Throughout this year, we’ve been exploring more deeply how it might serve us to embrace a revised way of expressing our Unitarian Universalist values. Some people have very strong feelings about a change from principles to values. And those strong feelings range all over the spectrum. Some people don’t really care that much as long as they get to keep the community they love. 

We hold all of those reactions and impressions in mind as we consider the final value in the proposed revision: Pluralism. We are a community and a faith tradition that has increasingly recognized that there are many ways of experiencing the world, and we become more and more aware that Wisdom invites humility as we co-create spiritual community with people whose experiences are very different from our own.

Thus, the value of Pluralism begins with celebration: We celebrate that we are all sacred beings diverse in culture, experience, and theology. We covenant to learn from one another in our free and responsible search for truth and meaning. We embrace our differences and commonalities with Love, curiosity, and respect.

It’s kind of like saying that we are all different kinds of vessels for wisdom, none of us superior to another, and none of us finished learning from one another. Maybe each of us is sacred in our own unique way, or maybe we are all sacred in the same way. Whatever the case, our sacredness is mutual. Our free and responsible searches for truth and meaning are necessarily interwoven with our willingness to learn from, and share with, one another. 

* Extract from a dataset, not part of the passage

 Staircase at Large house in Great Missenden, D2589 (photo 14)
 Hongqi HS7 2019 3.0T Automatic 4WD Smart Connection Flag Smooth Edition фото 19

This Sunday, we’ll experience pluralism through the lens of music and spiritual language that might evoke something different in all of us. Specifically, we’ll hear and sing hallelujah in an array of different spellings and styles, and we’ll invite abundant ways of making personal meaning from a communal expression of spirituality.

On May 12, our congregation will take time to celebrate the plurality of different places we are in life. Many of us are crossing thresholds of one kind or another, whether that may be an educational threshold, or downsizing, or getting a driver’s license, or giving up a car, or any number of other changes we might be making. That service will be followed by a special meal provided by Harry’s Kitchen Crew, and a conversation led by the Board in preparation for the Annual Meeting (which is June 2). 

Music will again be the centerpiece of our worship on May 19, when Melanie DeMore will join us as we consider what it means to be sacred. What makes it challenging to see ourselves and our bodies as sacred? And is it possible that embracing our own sacredness could allow us to celebrate the sacredness of others more fully? 

Finally, on May 26, Dr. Allan Georgia will share a bit about spiritual calling, both his own personal calling and his response to that call, as well as our calling as Unitarian Universalists living in a specific place and time. 

May our community continue to evolve into a place where we balance the freedom of our searches with our responsibility to one another as we co-create a space of mutual love, curiosity, respect, and celebration.